> [Given information]:

----------------------------------------

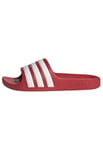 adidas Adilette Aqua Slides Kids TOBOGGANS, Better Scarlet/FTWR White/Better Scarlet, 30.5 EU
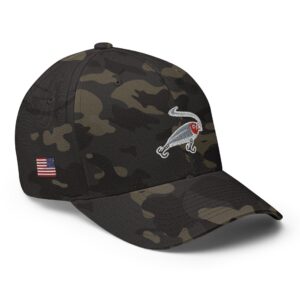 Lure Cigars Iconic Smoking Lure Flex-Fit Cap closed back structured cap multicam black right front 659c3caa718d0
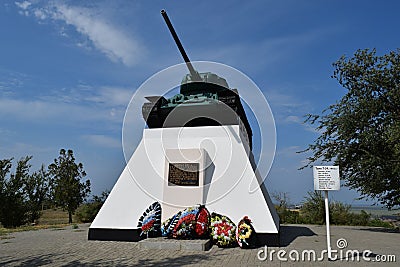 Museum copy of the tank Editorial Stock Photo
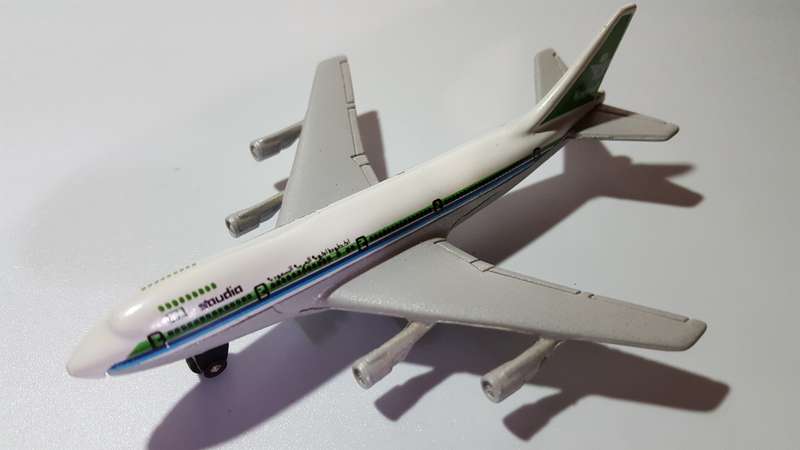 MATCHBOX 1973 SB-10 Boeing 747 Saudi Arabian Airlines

----------------------------------------

> [Directions for this task]:
Give back the material above word for word; no picture belongs in it.

> [Answer below]:
 adidas Adilette Aqua Slides Kids TOBOGGANS, Better Scarlet/FTWR White/Better Scarlet, 30.5 EU
 Lure Cigars Iconic Smoking Lure Flex-Fit Cap closed back structured cap multicam black right front 659c3caa718d0
 Museum copy of the tank Editorial Stock Photo
 MATCHBOX 1973 SB-10 Boeing 747 Saudi Arabian Airlines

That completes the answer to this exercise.